Young Naturalist Pop-up Handbook: Butterflies (from Sky)

Panther: The Pictorial History of the Black Panthers and the Story Behind the Film

Derek did his senior thesis on the Panthers and this book is supposed to by great…except for the crazy gun stuff the panthers did some amazing things for Oakland….[/readermail]
Jennifer writes:

[readermail]Darlin’, it’s actually 107 degrees in Dallas. That’s right. I was hoping some good karma and membership in the Cool Kids Club might make my life a little more temperate, so I dropped by the Highland Park branch of the Dallas Public Library with a big bag of hardbacks and books on tape.

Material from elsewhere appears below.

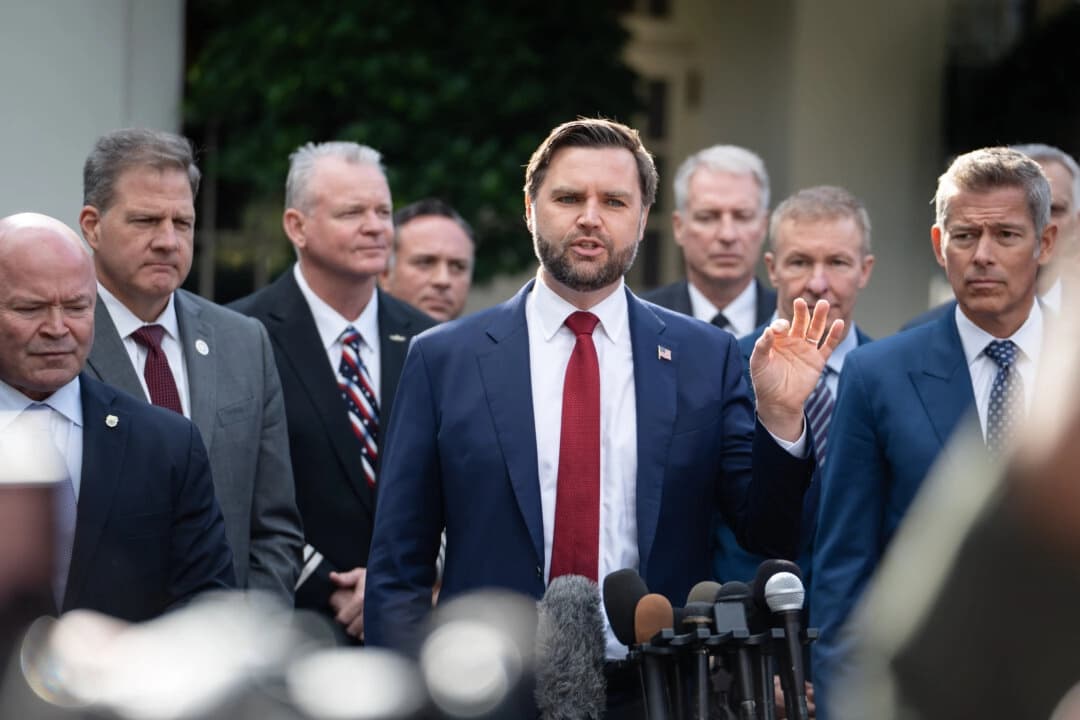 El vicepresidente JD Vance habla en una rueda de prensa durante el trigésimo día del cierre del gobierno en la Casa Blanca, en Washington, el 30 de octubre de 2025. (Madalina Kilroy/The Epoch Times).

They received:

Skipping Towards Gommorah by Dan Savage

Run Catch Kiss by Amy Sohn

Camels are Easy, Comedy’s Hard (Roy Blount, Jr. — Comedy God)

Tis by Frank McCourt on tape Hannibal by Thomas Harris on tape

There were three more books on tape, but lordy, my wedding is in 12 days, so if my name wasn’t written in my underpants, I wouldn’t know that.[/readermail]

It would have been much more difficult for me to have thrown Tis across the room like I did if it had been on tape.

Happy wedding, Jennifer!

Cheyenne-Gilmore isn’t afraid to woot.

[readermail]I figured I’d check out what was on various branches’ wish lists just TO LOOK. And then I found Solitary Witch: The Ultimate Book of Shadows for the New Generation by Silver Ravenwolf and Buckland’s Complete Book of Witchcraft by Ray Buckland on the Cesar E Chavez branch’s list. How does a young closeted Pagan not get these must-haves for a library that has asked for them? And now we’re 2 books closer to 600. Woot![/readermail]

Currently Reading

I put down Middlesex because I’m way too busy to read a real book right now. I’m in the middle of Word Freak because I have to return it to stee’s mom next week. But man, it’s making me remember the days when I dated this guy who wanted to be a chessmaster.

Dammit. Every time I come here I tell you guys something you really don’t need to know about me. It’s getting embarrassing.